Dragging Religion Into It

I recently caught up with an old friend on Facebook. After the initial flurry of messages back & forth, our new "relationship" quickly devolved into just the occasional passionate adversarial comment on each others political posts. It became apparent that we strongly disagreed on political strategy. Eventually, our discussions fizzled out entirely, because I repeatedly supported my comments in opposition to her views by pointing out that what she was in favor of seemed to be incongruous with a Christian world view. We're both Christians, so I assumed we had at least a common foundational thread.

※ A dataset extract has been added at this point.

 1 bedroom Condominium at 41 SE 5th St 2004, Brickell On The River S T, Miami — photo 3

I argued this point a few times, until finally she cried,
"Why do you always have to drag religion into it?!"

Man, I was caught totally off-guard by that comment, but it sparked a very important line of thought: This person would be appalled if you used a cuss word in her presence. She'd lambaste you for supporting a womans right to choose to end a pregnancy. She has a fancy leatherbound bible. She is a longstanding and involved member of her church.

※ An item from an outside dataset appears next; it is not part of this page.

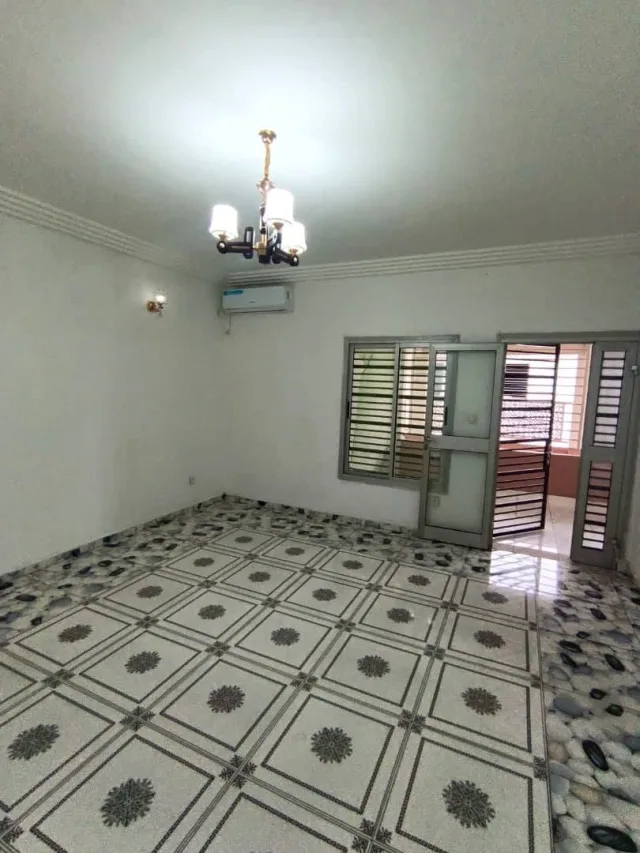 Bel Appartement à petit prix dans une zone résidentielle et sécurisée — photo 5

All this, and she is still totally OK with getting behind political ideals that are nothing at all like what Jesus worked so hard to teach us. I'm not trying to make a political point at all, what I'm saying is that we cannot call ourselves followers of Jesus and do the opposite of what he taught. He didn't teach about wearing nice clothes to church, or harp on the issue of sexual abstinence. He served. He got on his hands & knees and served. He worked with the poor until his strength gave out.

What my friend is doing is hypocritical, and she's not all alone. Across the country American Christians sit in our cushioned pews and tell our kids to shut up during church. then we carefully avoid sharing any part of our lives that isn't appropriate for church. If, God forbid, anyone would bring up some uncomfortable family issues, we nod sadly and tell them we'll pray for them, and then instead call our friends to gossip about them.

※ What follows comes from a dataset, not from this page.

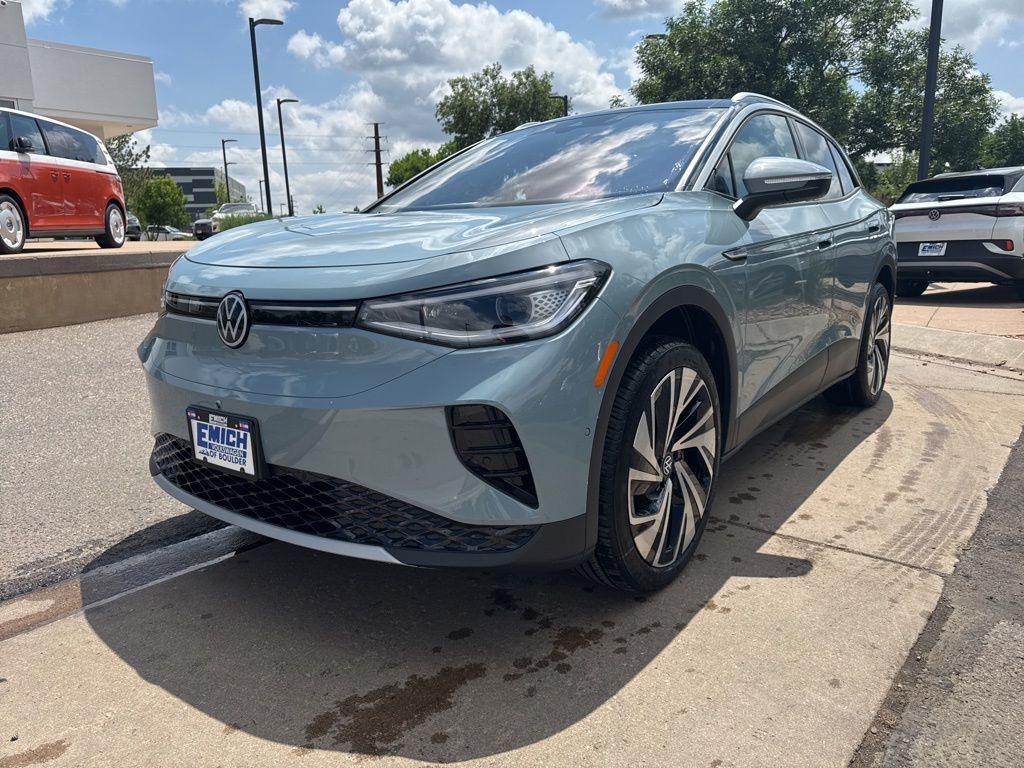 new 2025 Volkswagen ID.4 car, priced at $53,955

To Christians I say: shut up with your religious sounding speech and DO something. Until you take some kind of action that backs up what you're selling, you're doing little more than defiling the name of Christ.

To non-believers, I say: This is your evidence. Followers of Jesus are no better than anyone else. Sin is a universal disease, & I'll be the first to admit that I'm at least as prone to hypocrisy as everyone else, but don't write Jesus off for my crappy execution of his teachings. The birth of Jesus was an immeasurable gift, and there is so much more to him than dumb rituals and phony church faces.